SEXTON CREEPS – The sour acre
Sexton Creeps est un groupe néerlandais de la région de Groningue qui livre avec ce « The sour acre » son deuxième album. Ce groupe est assez discret et les informations précises qui traînent sur son compte ne sont pas faciles à trouver. Le groupe a été formé par Bram Nigten (batterie et percussions), Arnold Nieborg (guitare), Steven Jouwersma (guitare et orgue), Jouke van der Krieke (guitare, violon et accordéon) et J.C. (chant). Sexton Creeps sort en 2006 son premier album « CAS » qui le catalogue immédiatement dans un rock psychédélique expérimental.
C’est cette impression qui est confirmée sur « The sour acre », deuxième album assez déconcertant, mais qui n’a pas finit de surprendre. Les influences de Sexton Creeps se dévoilent au grand jour : Nick Cave & The Bad Seeds, le Velvet Underground et un orgue directement sorti du premier album des Pink Floyd et de ses sorties cosmiques hallucinées. Le groupe s’est enrichi du bassiste Jos Volkers et de l’orgue de Martine Rademakers (qui a remplacé Arnold Nieborg).

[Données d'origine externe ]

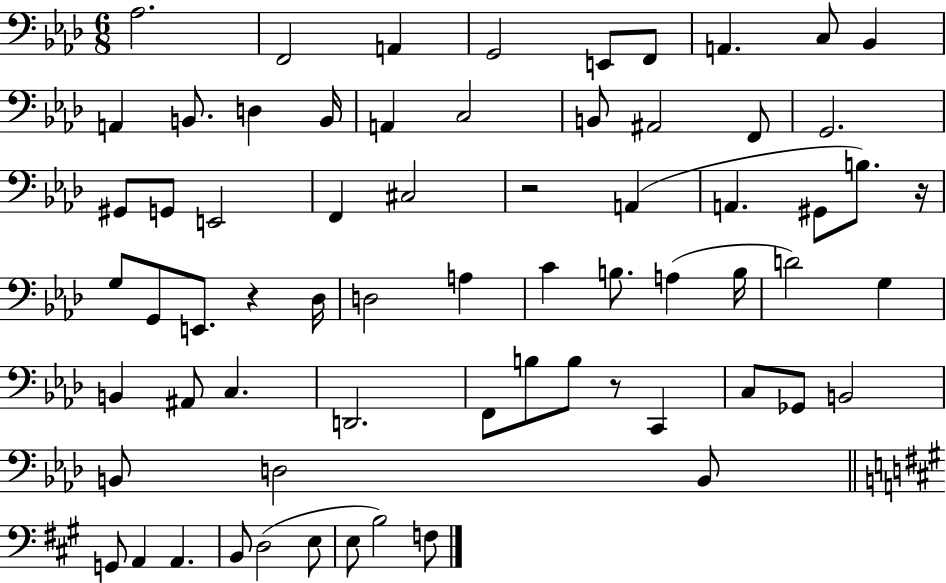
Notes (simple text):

Ab3/h. F2/h A2/q G2/h E2/e F2/e A2/q. C3/e Bb2/q A2/q B2/e. D3/q B2/s A2/q C3/h B2/e A#2/h F2/e G2/h. G#2/e G2/e E2/h F2/q C#3/h R/h A2/q A2/q. G#2/e B3/e. R/s G3/e G2/e E2/e. R/q Db3/s D3/h A3/q C4/q B3/e. A3/q B3/s D4/h G3/q B2/q A#2/e C3/q. D2/h. F2/e B3/e B3/e R/e C2/q C3/e Gb2/e B2/h B2/e D3/h B2/e G2/e A2/q A2/q. B2/e D3/h E3/e E3/e B3/h F3/e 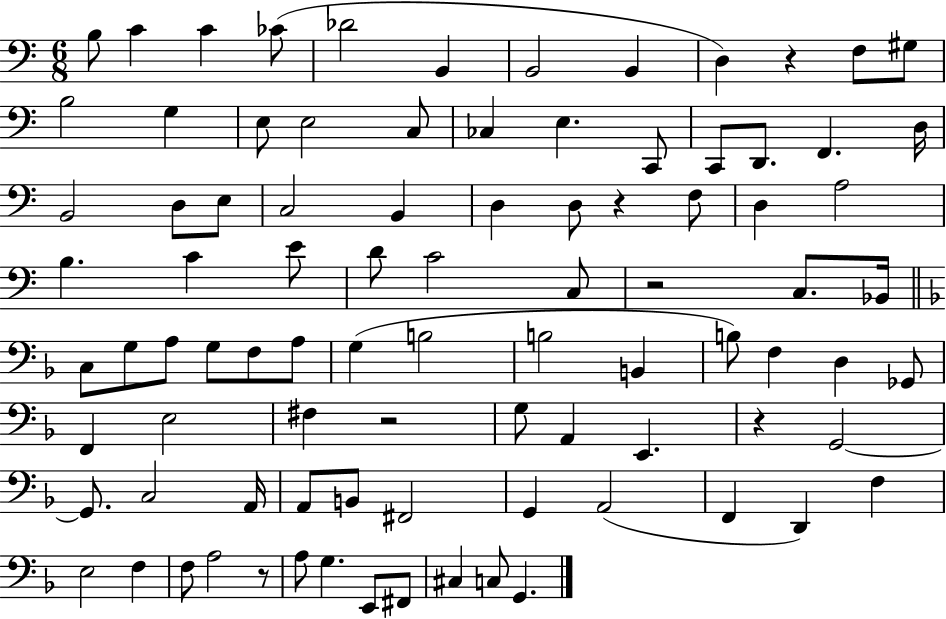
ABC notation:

X:1
T:Untitled
M:6/8
L:1/4
K:C
B,/2 C C _C/2 _D2 B,, B,,2 B,, D, z F,/2 ^G,/2 B,2 G, E,/2 E,2 C,/2 _C, E, C,,/2 C,,/2 D,,/2 F,, D,/4 B,,2 D,/2 E,/2 C,2 B,, D, D,/2 z F,/2 D, A,2 B, C E/2 D/2 C2 C,/2 z2 C,/2 _B,,/4 C,/2 G,/2 A,/2 G,/2 F,/2 A,/2 G, B,2 B,2 B,, B,/2 F, D, _G,,/2 F,, E,2 ^F, z2 G,/2 A,, E,, z G,,2 G,,/2 C,2 A,,/4 A,,/2 B,,/2 ^F,,2 G,, A,,2 F,, D,, F, E,2 F, F,/2 A,2 z/2 A,/2 G, E,,/2 ^F,,/2 ^C, C,/2 G,, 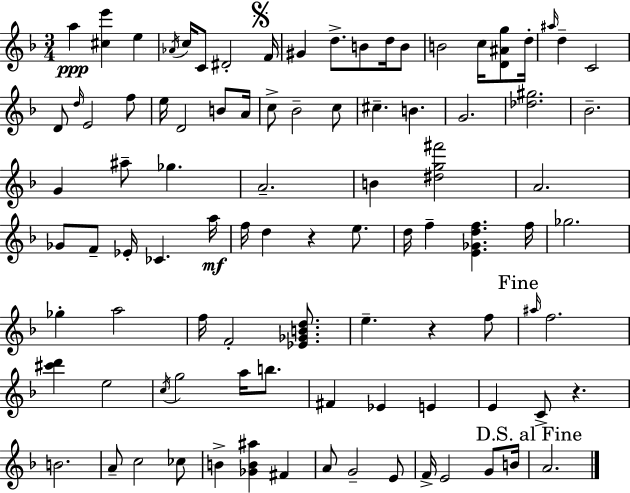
A5/q [C#5,E6]/q E5/q Ab4/s C5/s C4/e D#4/h F4/s G#4/q D5/e. B4/e D5/s B4/e B4/h C5/s [D4,A#4,G5]/e D5/s A#5/s D5/q C4/h D4/e D5/s E4/h F5/e E5/s D4/h B4/e A4/s C5/e Bb4/h C5/e C#5/q. B4/q. G4/h. [Db5,G#5]/h. Bb4/h. G4/q A#5/e Gb5/q. A4/h. B4/q [D#5,G5,F#6]/h A4/h. Gb4/e F4/e Eb4/s CES4/q. A5/s F5/s D5/q R/q E5/e. D5/s F5/q [E4,Gb4,D5,F5]/q. F5/s Gb5/h. Gb5/q A5/h F5/s F4/h [Eb4,Gb4,B4,D5]/e. E5/q. R/q F5/e A#5/s F5/h. [C#6,D6]/q E5/h C5/s G5/h A5/s B5/e. F#4/q Eb4/q E4/q E4/q C4/e R/q. B4/h. A4/e C5/h CES5/e B4/q [Gb4,B4,A#5]/q F#4/q A4/e G4/h E4/e F4/s E4/h G4/e B4/s A4/h. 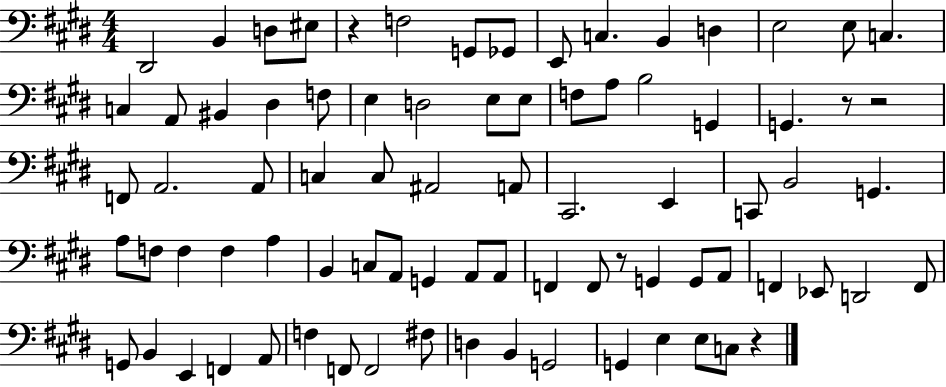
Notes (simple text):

D#2/h B2/q D3/e EIS3/e R/q F3/h G2/e Gb2/e E2/e C3/q. B2/q D3/q E3/h E3/e C3/q. C3/q A2/e BIS2/q D#3/q F3/e E3/q D3/h E3/e E3/e F3/e A3/e B3/h G2/q G2/q. R/e R/h F2/e A2/h. A2/e C3/q C3/e A#2/h A2/e C#2/h. E2/q C2/e B2/h G2/q. A3/e F3/e F3/q F3/q A3/q B2/q C3/e A2/e G2/q A2/e A2/e F2/q F2/e R/e G2/q G2/e A2/e F2/q Eb2/e D2/h F2/e G2/e B2/q E2/q F2/q A2/e F3/q F2/e F2/h F#3/e D3/q B2/q G2/h G2/q E3/q E3/e C3/e R/q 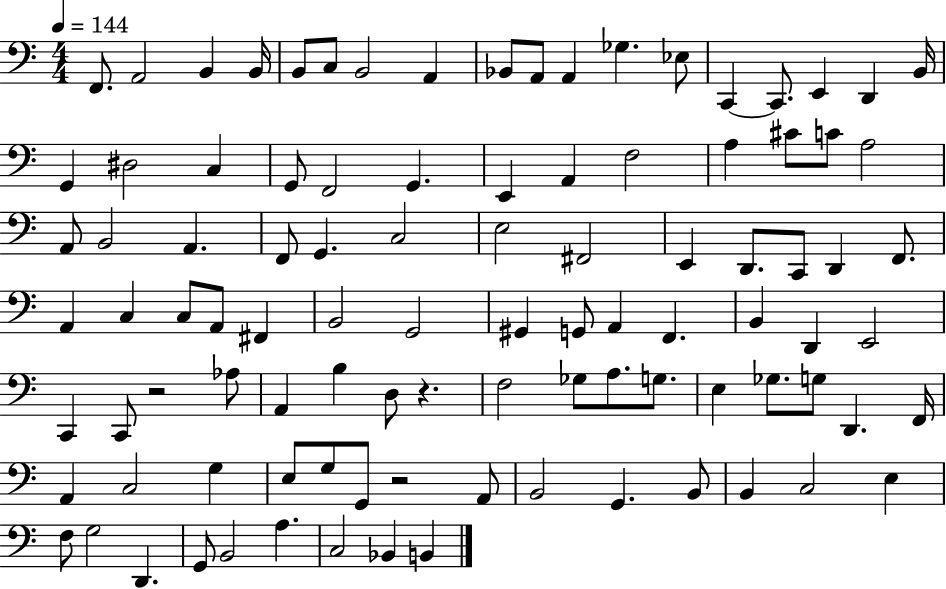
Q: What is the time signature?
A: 4/4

Je préviens tout de suite, il va falloir prendre son temps pour entrer dans tous les détails sonores de cet album, parcouru d’effets électroniques venant s’insinuer dans un long continuum musical triste et mélancolique. « A maternal ear and dead perfume » inaugure le disque sur une touche inquiétante, avec une guitare qui s’infiltre en douceur sur une nappe de violon psychopathe. Un chant tout droit sorti de la tombe de Ian Curtis émet des plaintes névrotiques. On n’est pas ici pour rigoler, c’est certain. Puis on passe immédiatement au quart d’heure représenté par « Nipple of the world », longue promenade psychédélique piquée d’orgues intersidéraux et de voix féminines vaporeuses. On n’est pas là non plus pour s’énerver. Vient alors un petit délire orgue-batterie intitulé « Hats off to Harm Wierma » pour la simple et bonne raison que c’est Harm Wierma, un ami invité, qui se déchaîne sur ses claviers en tentant de reconstituer l’« Interstellar overdrive » de Pink Floyd. « G-minor sext » est plus jazz-rock mais toujours aussi dramatique, apeuré. Il faut reprendre ses esprits avec un « 13th baklat cycle » très douillet, presque anémique, avant d’attaquer le second gros morceau de l’affaire, un « Isle of Groix » de plus de neuf minutes, fait d’une première moitié très lente et d’une montée vers la frénésie électrique dans sa seconde moitié. C’est finalement avec « God is a audience too divine to clap », le dernier titre, que le groupe s’énerve dans un déluge de guitares distordues, s’échangeant des passes d’armes au fil d’une improvisation aérienne.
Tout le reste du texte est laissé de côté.